Elizabeth proclaimed.
Joy of the people.
The members of the Parliament went forth immediately to proclaim the new queen. There are two principal places where it was then customary to proclaim the English sovereigns. One of these was before the royal palace at Westminster, and the other in the city of London, at a very public place called the Great Cross at Cheapside. The people assembled in great crowds at these points to witness the ceremony, and received the announcement which the heralds made, with the most ardent expressions of joy. The bells were every where rung; tables were spread in the streets, and booths erected, bonfires and illuminations were prepared for the evening, and every thing indicated a deep and universal joy.
The Te Deum.
In fact, this joy was so strongly expressed as to be even in some degree disrespectful to the memory of the departed queen. There is a famous ancient Latin hymn which has long been sung in England and on the Continent of Europe on occasions of great public rejoicing. It is called the Te Deum, or sometimes the Te Deum Laudamus.

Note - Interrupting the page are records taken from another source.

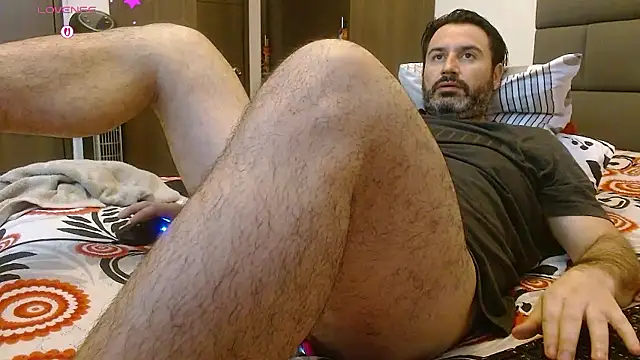 rodrher81 online show from January 2026 01:24:02 PM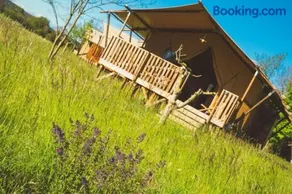 Camping et Lodges de Coucouzac - Image 2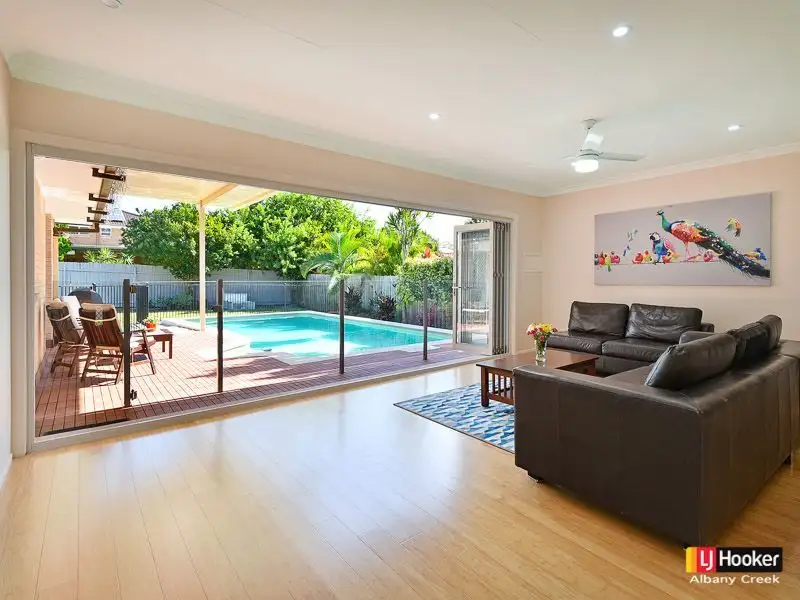 Main view of Homely house listing, 12 Caradon Street, Albany Creek QLD 4035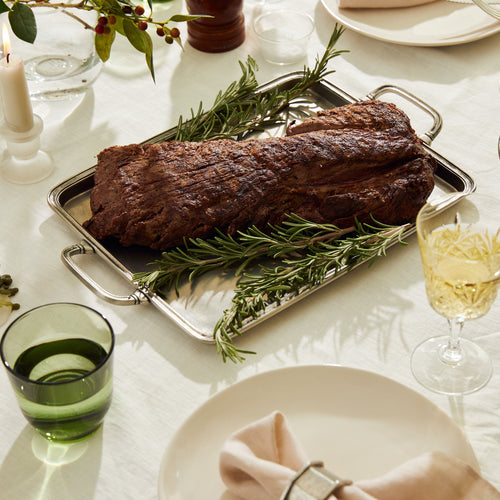 Our Go-To Turkey Dinner Alternatives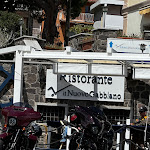 Photo n°2 de l'avis de Sergio.. fait le 25/04/2023 à 14:27 sur le  Hotel ristorante Il Nuovo Gabbiano à Cala Gonone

These last are the three Latin words with which the hymn commences, and mean, Thee, God, we praise. They sung the Te Deum in the churches of London on the Sunday after Mary died.
Elizabeth's emotions.
In the mean time, messengers from the council proceeded with all speed to Hatfield, to announce to Elizabeth the death of her sister, and her own accession to the sovereign power. The tidings, of course, filled Elizabeth's mind with the deepest emotions. The oppressive sense of constraint and danger which she had endured as her daily burden for so many years, was lifted suddenly from her soul. She could not but rejoice, though she was too much upon her guard to express her joy. She was overwhelmed with a profound agitation, and, kneeling down, she exclaimed in Latin, "It is the Lord's doing, and it is wonderful in our eyes."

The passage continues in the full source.